The plot of Fargo centres on a crime gone wrong. Minneapolis car salesman Jerry
Lundegaard (William H. Macy) is so deep in debt that he can only think of one
way to cover his losses: he arranges for his wife to be kidnapped. Her father
is very wealthy – and very condescending towards Jerry. This ridiculous scheme sees
Jerry making contact with two criminals in Fargo – the weaselly and “kinda funny-lookin’” Carl (Steve
Buscemi) and the taciturn Norse giant Gaear (Peter Stormare). For a car and
$40,000 (half of what Jerry says will be the ransom) they agree to drive to his
house, kidnap his wife, and then release her once Jerry delivers the money.
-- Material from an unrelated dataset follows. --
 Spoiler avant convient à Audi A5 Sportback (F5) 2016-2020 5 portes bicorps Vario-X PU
As with all great criminal plans it
falters on one small mistake. Carl forgets to take the dealer plates off the
car, and they are stopped by a policeman. A ham-fisted attempt to bribe the
trooper doesn’t work and Gaear shoots him dead. A passing car sees Carl
dragging away the corpse; Gaear pursues, runs them off the road, and then
shoots the survivors. This crime brings in the heavily pregnant police
detective Marge Gunderson (Frances McDormand) to investigate. She traces the
car back to Lundegaard’s showroom; upon returning to Brainerd she is lucky
enough to spot the vehicle itself and apprehend the remaining criminal.
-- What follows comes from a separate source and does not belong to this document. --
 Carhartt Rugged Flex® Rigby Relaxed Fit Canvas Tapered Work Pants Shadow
By that point there is only one
remaining. Seven people die, two are arrested, and the million dollars of
ransom is lost in the snow. The washed-out palette makes great play of the
blue-white snow-bound landscape, contrasting it with the black of the road,
fences and trees, and the sudden red of violence (be that blood seeping out
into the snow or the red parka of a victim). I found myself comparing certain
aspects to the intentionally graphic-novel-like Sin City. It is quite a noir film. In places. Gaear’s inventive
use of a wood-chipper for instance. But Marge is in no way a cynical
hard-bitten noir hero like Gittes in Chinatown or Frank McCloud in Key Largo. She is an optimistic, upbeat,
pleasant woman, full of niceties. When old school-friend Mike makes a move on
her she knocks him back forcefully but kindly. She uses manners as a lubricant
of social interaction. When she comes to speak to Jerry she does it with a
smile on her face and an open manner – but she is also quite purposeful about
getting a seat and drawing him into conversation. Even in what could be very
dark scenes there is lightness from her performance – witness her investigation
of the crashed car. She almost throws up – but that is not a reaction to the
deaths, but just morning sickness. And of course she listens to what the other
officer has to say and then derails him with a “I’m not sure I agree with you a hundred per cent on your police work
there Lou”. Her constant eating and her satisfied home life contrast with
the darkness of the crime she is investigating. Her safe, slightly dull existence
is what we should be aspiring to, not the brutal, sleazy world of Carl and
Gaear.
Marge always went one step too far in the Design-Your-Own-Sledge competition |
Fargo did great guns when it was released. The Coens had developed
a reputation as film-makers, but this was them breaking into the mainstream.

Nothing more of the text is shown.